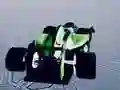 Spel Formule Stunts aanlyn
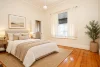 413 Punt Road, Cremorne, Vic 3121-Image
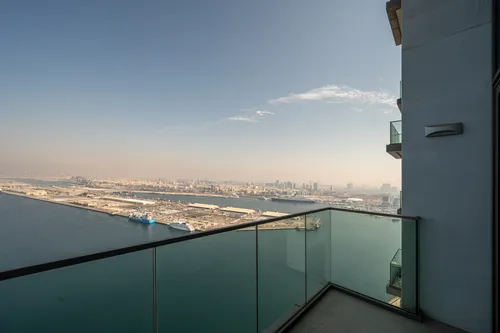 2 Bedrooms Apartment in ANWA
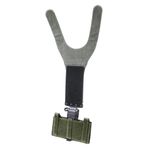 Опорная стойка Stich Frame v.3, Stich Profi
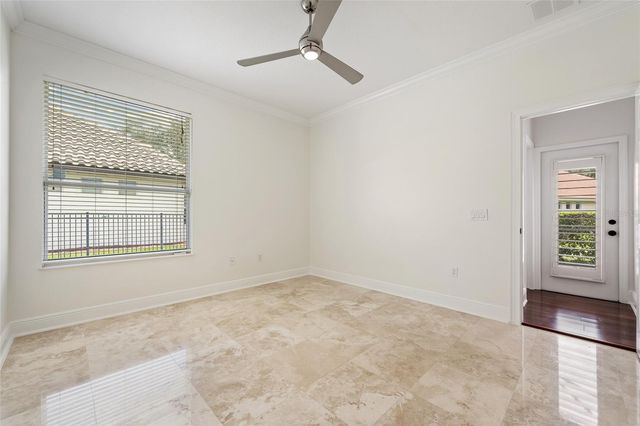 1757 GLENWICK DRIVE, Windermere, FL 34786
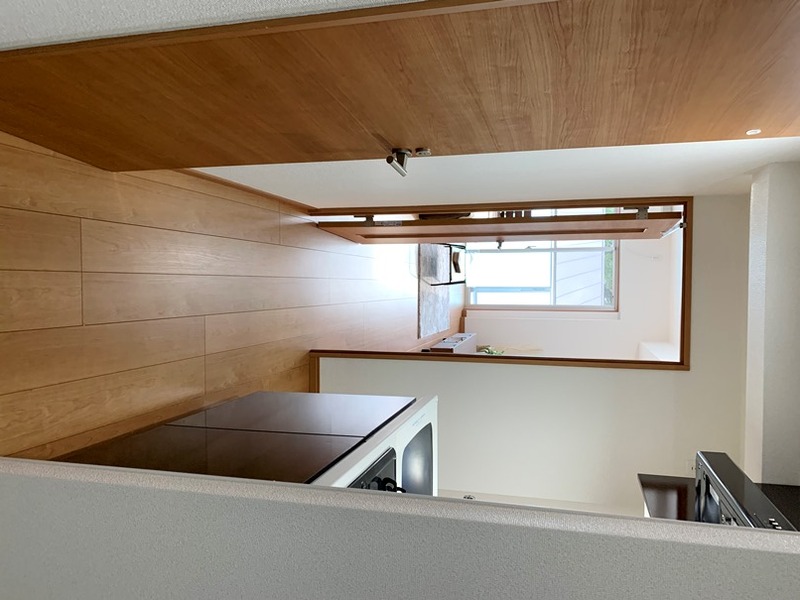 13/17 その他画像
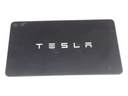 Llave Tesla Model Y (5YJY) 2019-2022
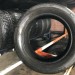 255/50/19 CONTINENTAL CONTISPORTCONTACT 5 Летние бу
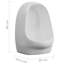 Jablonski Ceramic Urinal-87081100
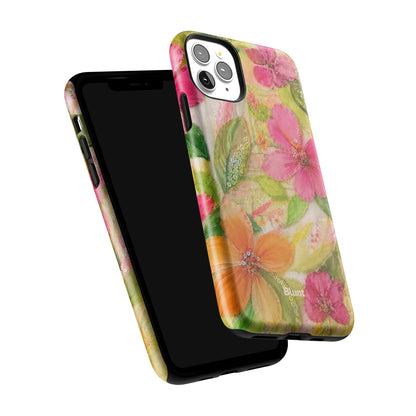 Iphone_11_Pro_Max_6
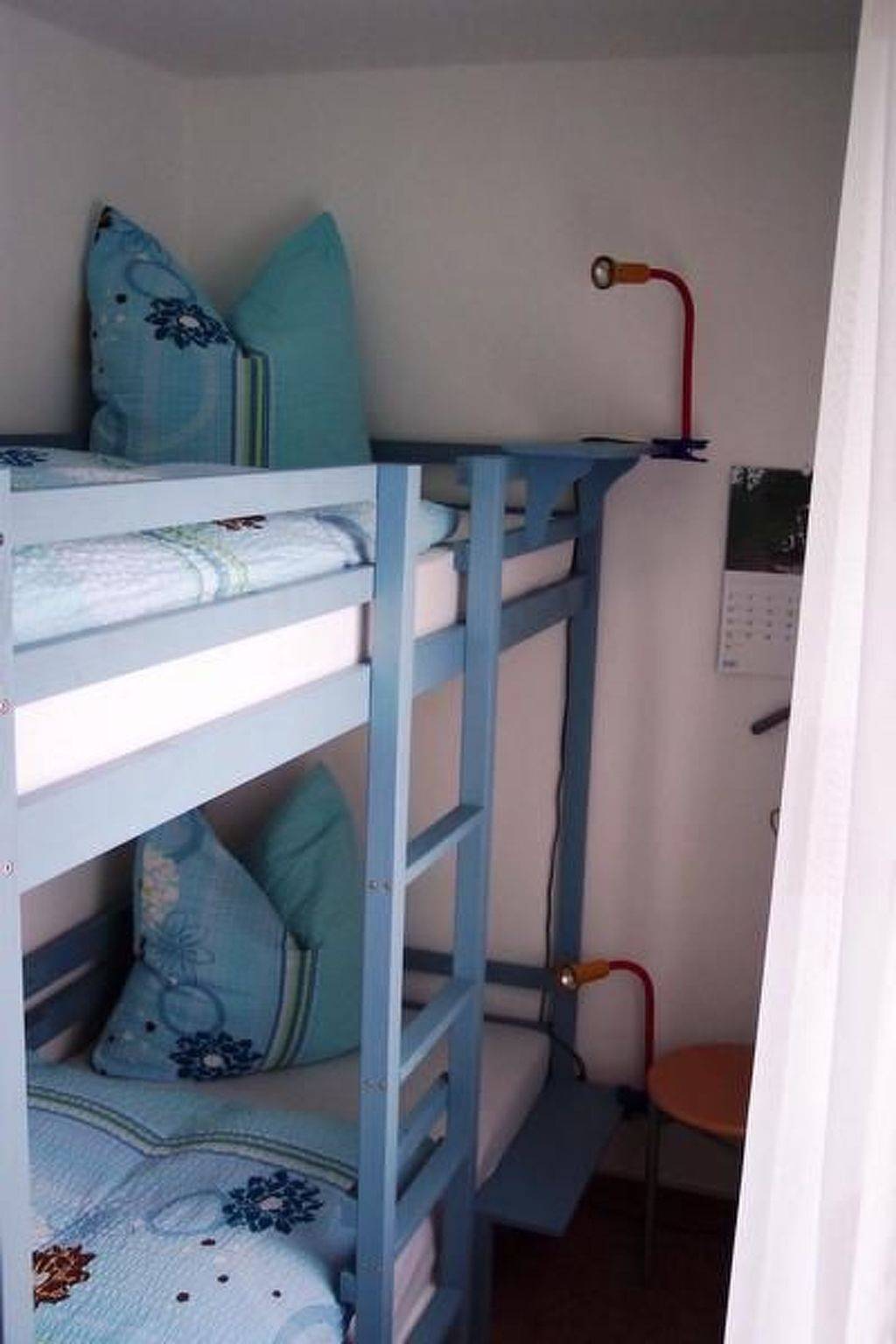 Ganze Wohnung, Kottmarsdorf in Obercunnersdorf, Kottmar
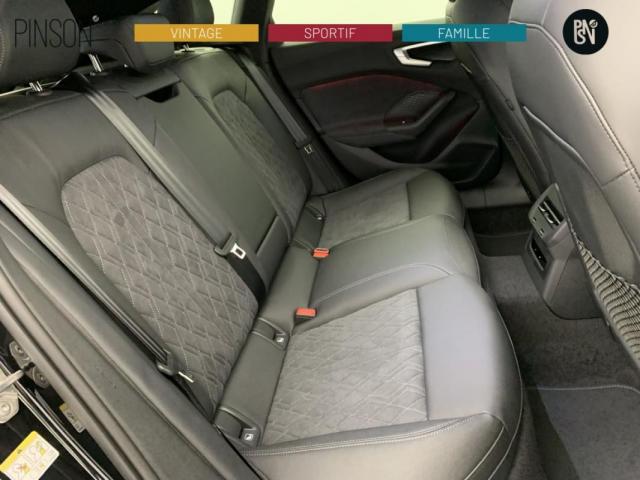 Audi A5 image 9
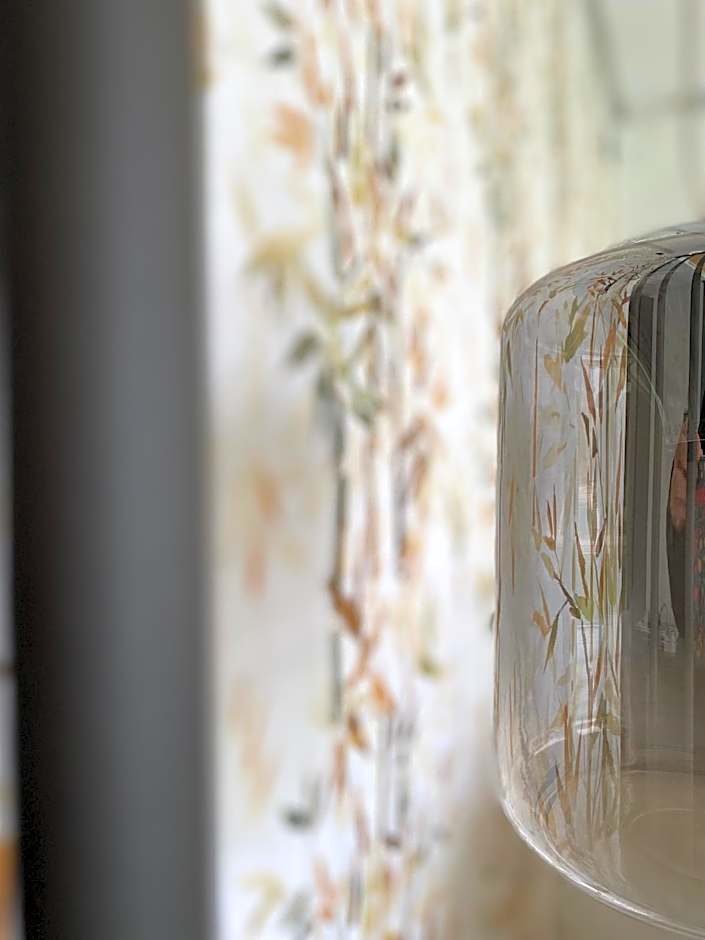 Relais Limonaia - Suites & Garden SPA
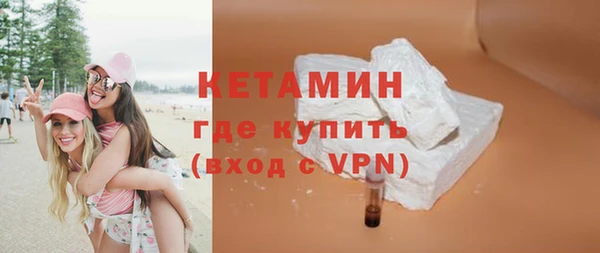 СК Алексин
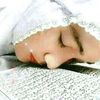 Ummi Arum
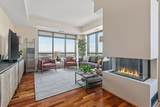 100 3rd Avenue - Photo 3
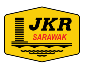 JKR Sarawak
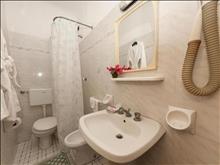 Villa Franca Hotel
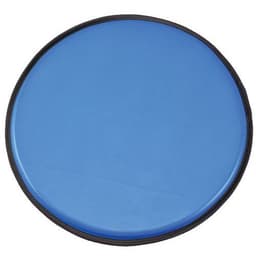 Lot de 10 coussins avec sac de rangement Confetti - Image 17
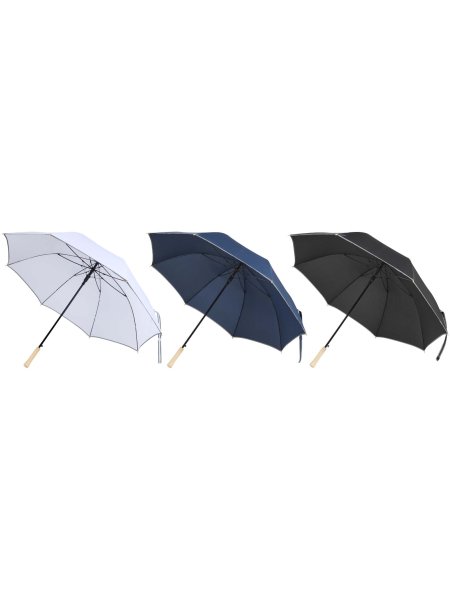 parapluie-norman-76-cm-en-rpet-resistant-au-vent-noir-18.jpg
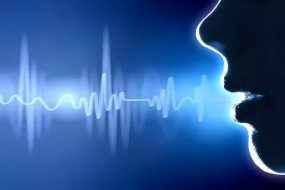 圖靈機(jī)器人完成3.5億元B＋輪融資，助推AI語音技術(shù)向前發(fā)展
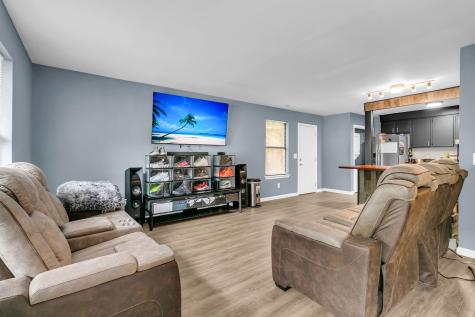 817 Sandpiper Drive Ladson SC 29456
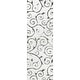 preview thumbnail 23 of 23, Nuloom Vine Swirls Shag Area Rug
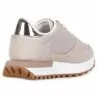Basket Casual Femme LIU.JO  4A5721TX0810 - LIU.JO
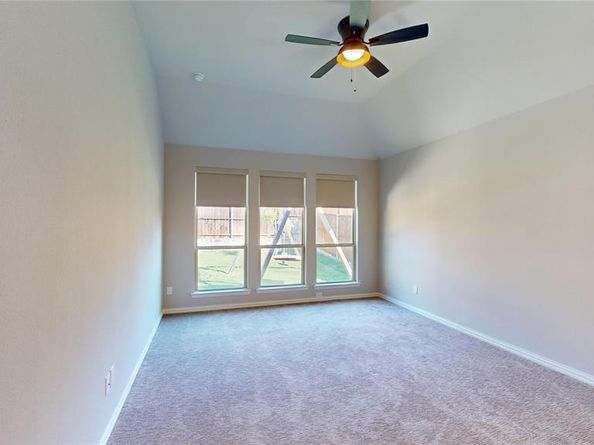 3203  Ironstone Road , Northlake Texas 76226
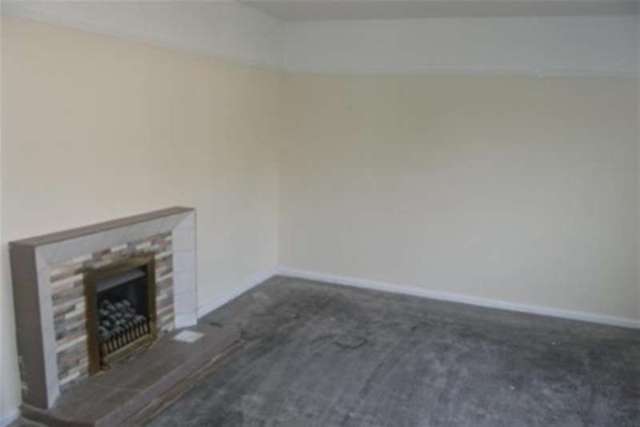 Image of 3 bedroom Detached house to rent in Arnside Close Nottingham NG5 at Nottingham, NG5 5HJ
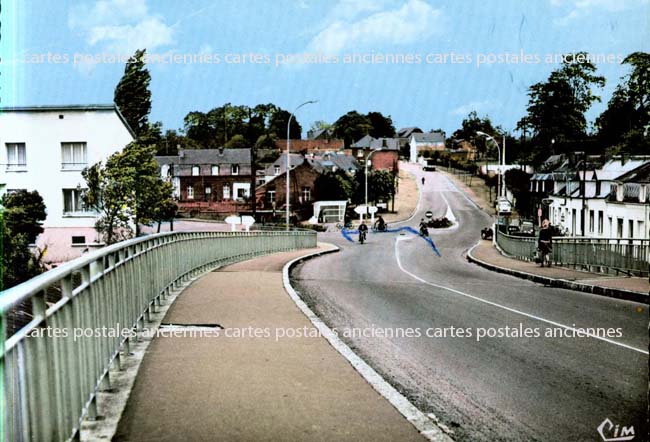 Cartes postales anciennes > CARTES POSTALES > carte postale ancienne > cartes-postales-ancienne.com Hauts de france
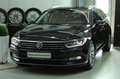 Volkswagen Passat 2.0TDI,DSG,Highline,Leder,Panorama,4Motion Nero - thumbnail 1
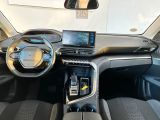 Peugeot 3008 bei Reisemobile.expert - Abbildung (10 / 15)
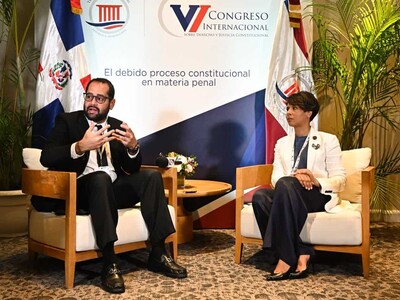 Juristas advierten que la “mano dura” y más cárcel no disminuyen la delincuencia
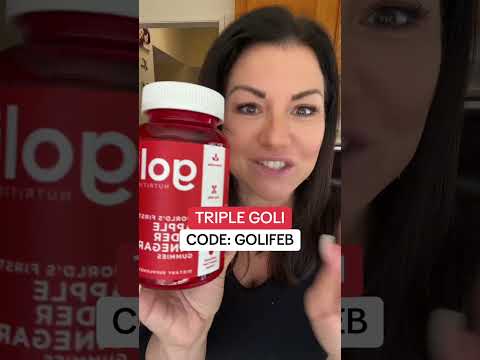 Let’s Keto Gummies: Easy and Effective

=-=-=-=-=

§ **Directions**
Write out nothing but the lines from the start of the data through the line with "Lot de 10 coussins". Leave out the pictures.

§ **Response to this exercise**
 Spel Formule Stunts aanlyn
 413 Punt Road, Cremorne, Vic 3121-Image
 2 Bedrooms Apartment in ANWA
 Опорная стойка Stich Frame v.3, Stich Profi
 1757 GLENWICK DRIVE, Windermere, FL 34786
 13/17 その他画像
 Llave Tesla Model Y (5YJY) 2019-2022
 255/50/19 CONTINENTAL CONTISPORTCONTACT 5 Летние бу
 Jablonski Ceramic Urinal-87081100
 Iphone_11_Pro_Max_6
 Ganze Wohnung, Kottmarsdorf in Obercunnersdorf, Kottmar
 Audi A5 image 9
 Relais Limonaia - Suites & Garden SPA
 СК Алексин
 Ummi Arum
 100 3rd Avenue - Photo 3
 JKR Sarawak
 Villa Franca Hotel
 Lot de 10 coussins avec sac de rangement Confetti - Image 17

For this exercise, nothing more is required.